Sprawa wyglada tak, ze mam licencjat i chcialbym zrobic jeszcze jeden kierunek. Mam zamiar pojsc na prawo, zapisalem sie juz na poprawe matury aby zdac potrzebne przedmioty.
Bede zdawal rozserzony wos, historie i angielski.
Bardzo wierzac w swoje mozliwosci, dopiero teraz rozpoczynam nauke.
Wiem, ze z wosem sobie poradze, a z angielskiego rozszerzonego raczej na pewno dostane 100%. I tu pytanie - czy dam rade przygotowac sie do matury z historii rozszerzonej w 50 dni? W liceum bylem w klasie humanistycznej i wtedy zdalem historie podstawowa na 60%, nie byla mi potrzebna i w ogole sie nie uczylem. Od tamtej pory nie mialem raczej z tym tematem zadnej stycznosci.

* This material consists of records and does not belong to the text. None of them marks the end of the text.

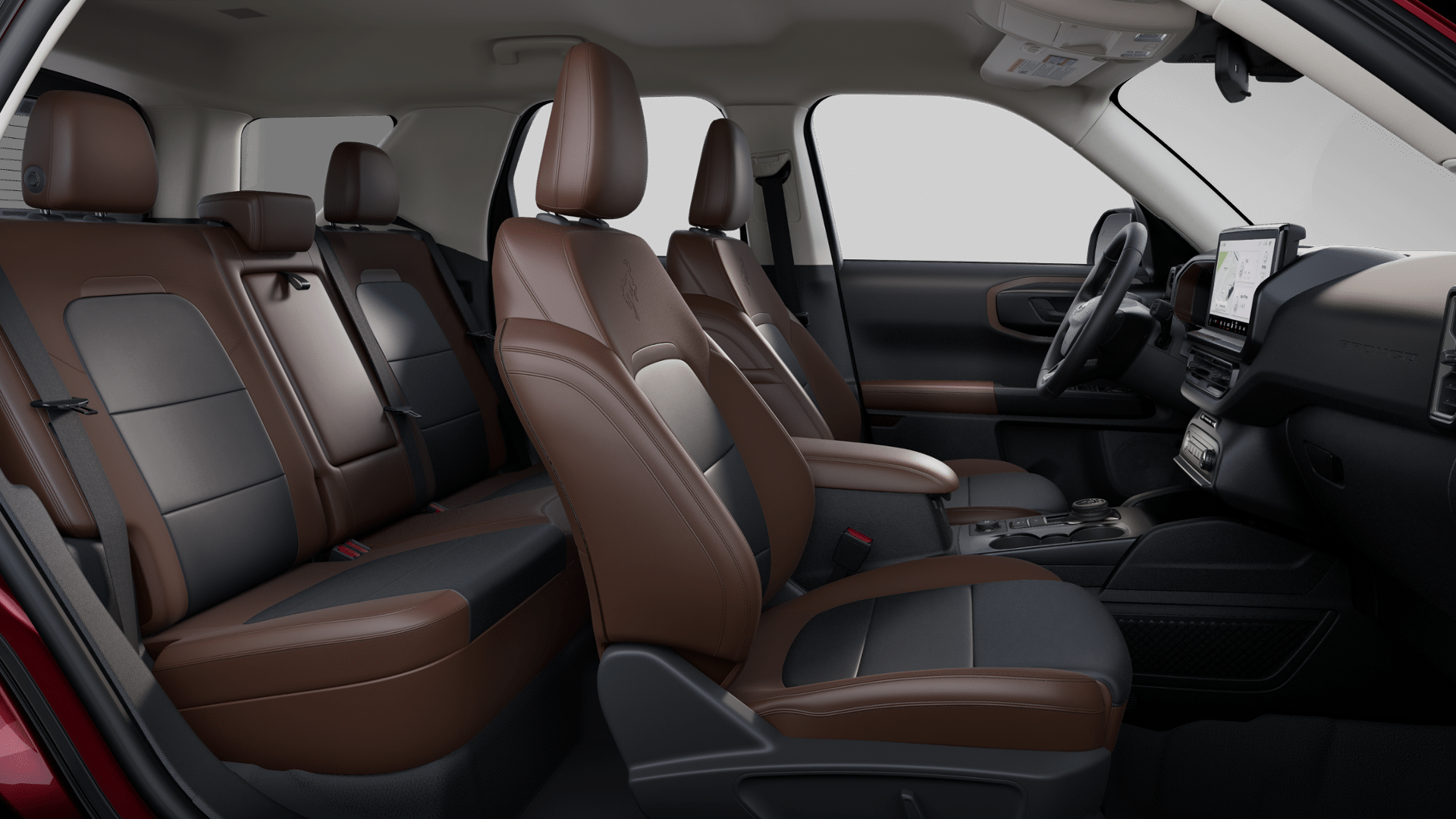 2025 Ford Bronco Sport Outer Banks photo 24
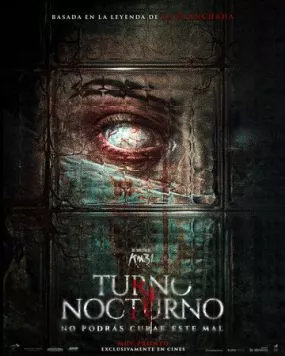 Turno Nocturno (2024) торрент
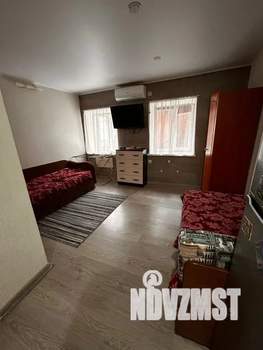 Студия квартира, посуточно, 24м2, 1/2 этаж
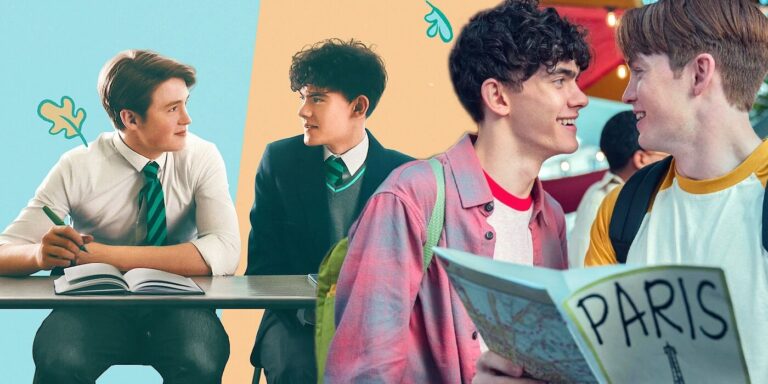 Heartstopper Saison 3 : Date de sortie, casting, histoire, bande-annonce et tout…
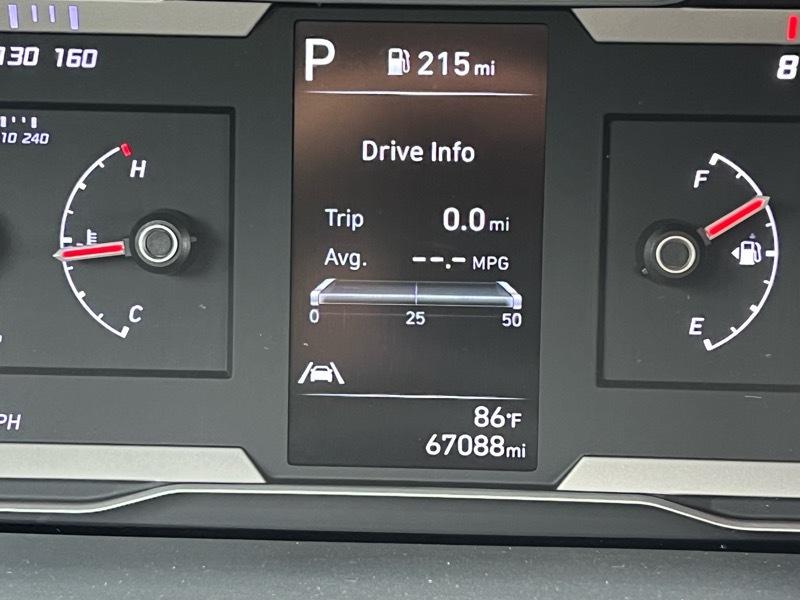 Hyundai Santa Cruz  2022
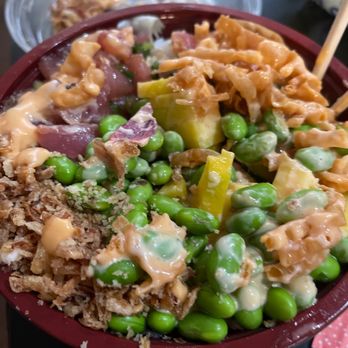 Akita Sushi Gourmet - Create Build Your Own Poke Bowl - Japanese Near Me - Santa Clara, California Akita Sushi Gourmet - Create Build Your Own Poke Bowl - Japanese Near Me - Santa Clara, California
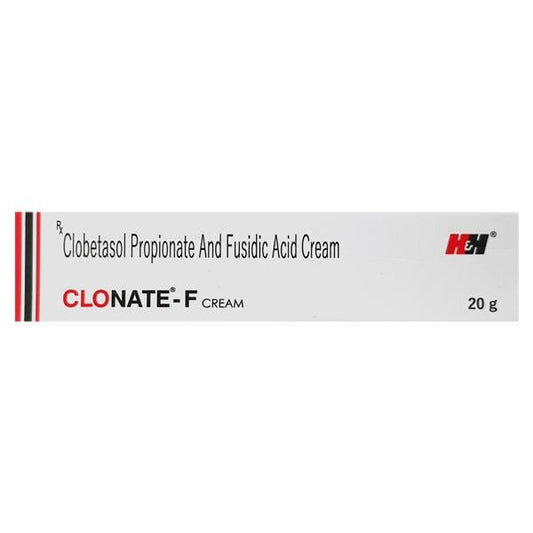 Clonate F Cream 20gm - Global Surgicals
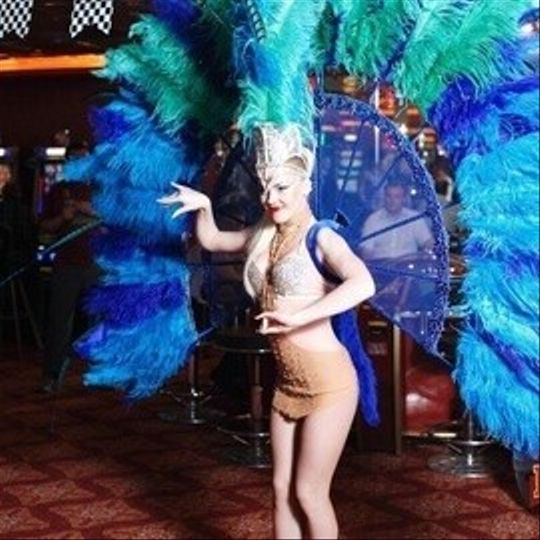 Большая Гонка Синий Финал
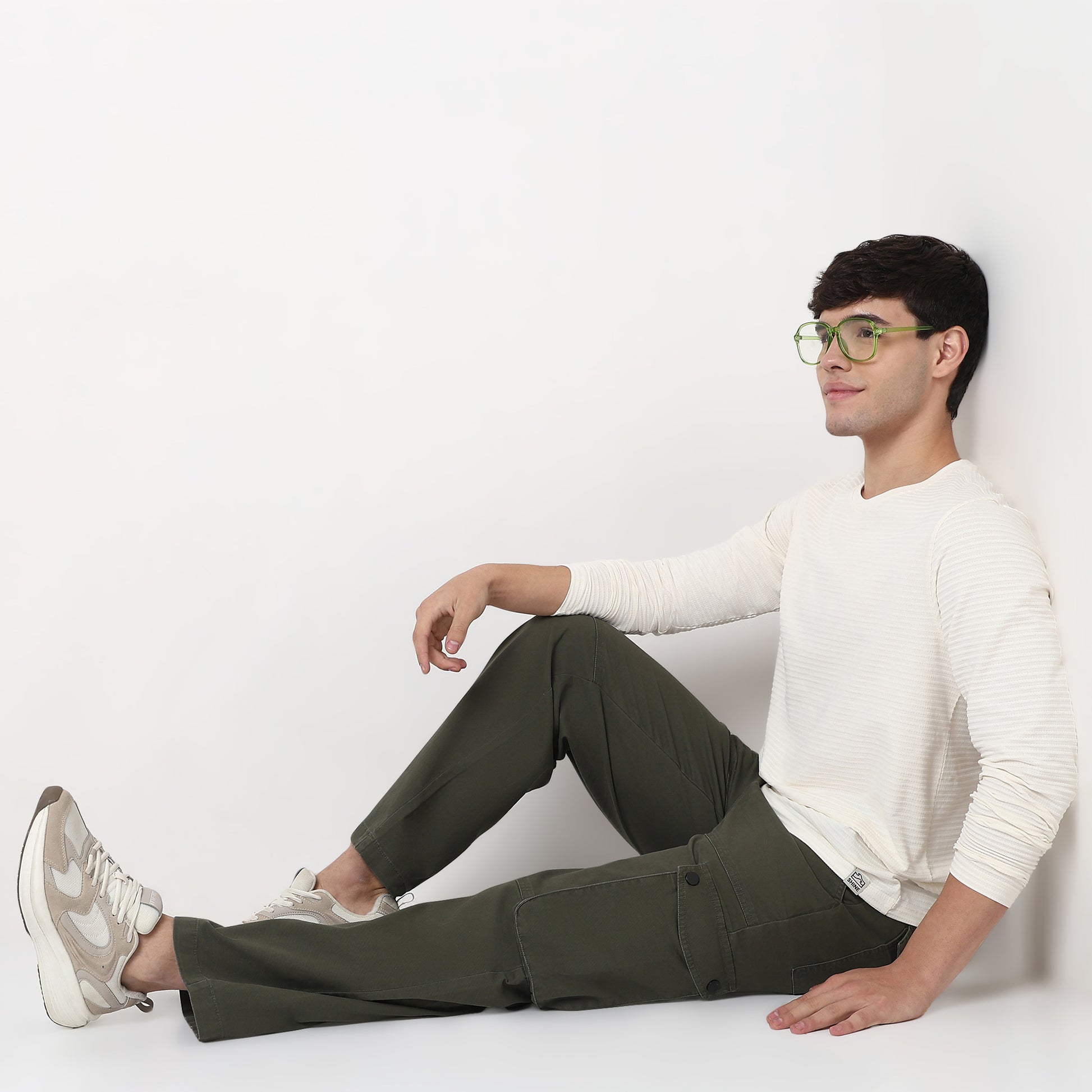 Adventure Friendly Heavy Duty Pants With Fashion Utility Pockets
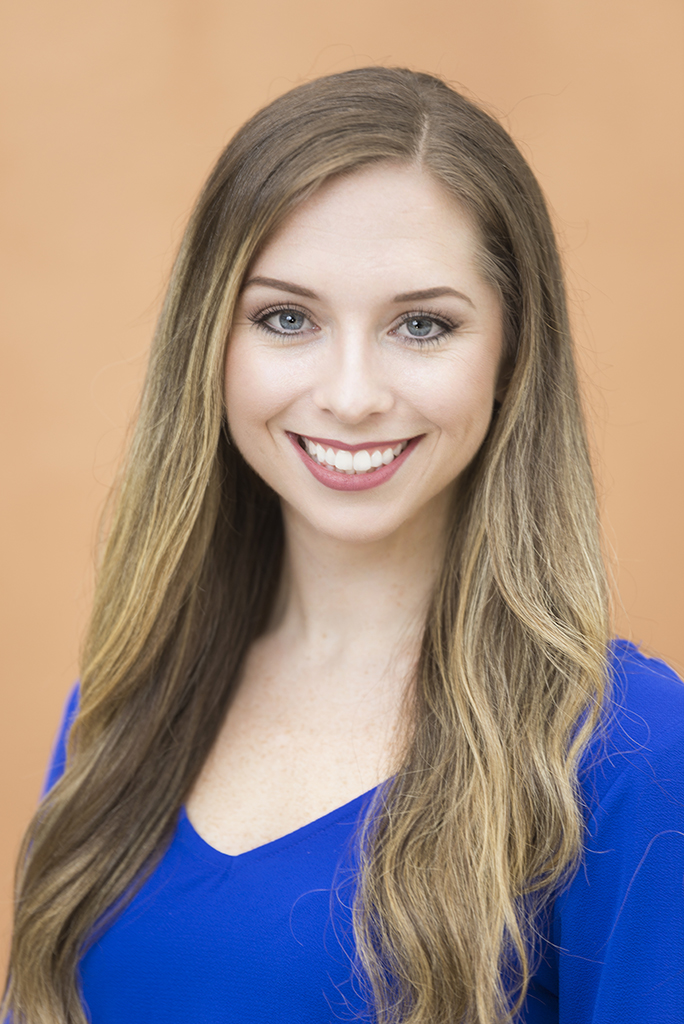 Chelsea Headshot at Cade Museum photographed as a professional headshot by PhotoTale Studio in Gainesville, Florida.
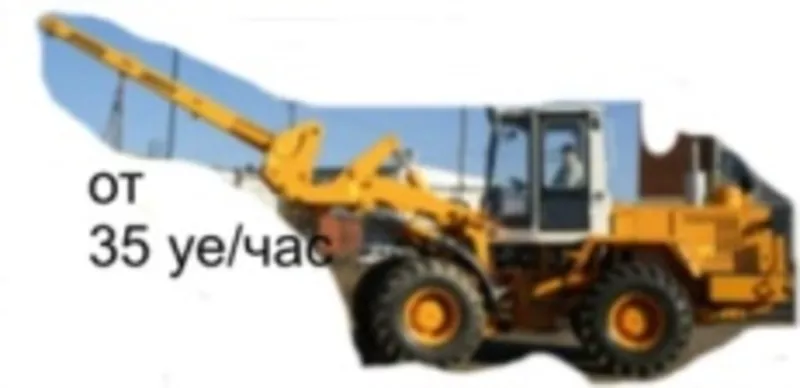 Аренда ТО-18,  экскаватора New Holland, Terex,  самосвалов 10-20 т. 5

Na niektorych uczelniach liczy sie jeszcze j. polski, mam tylko podstawe na 70%.
Sytuacja wiec wyglada tak:
J. polski podstawowy - 70%
J. angielski rozszerzony - 100% (prawdopodobnie)
Historia rozszerzona - ?
Wos rozszerzony - ?
Nie wybralem jeszcze uczelni, mozliwe, ze bedzie to Uniwersytet Szczecinski. Wydaje mi sie, ze tam wymagania nie powinny byc jakies wyjatkowo wysokie?
I najwazniejsze pytanie - jakie podreczniki polecacie, zeby dobrze przygotowac sie do rozszerzonej historii?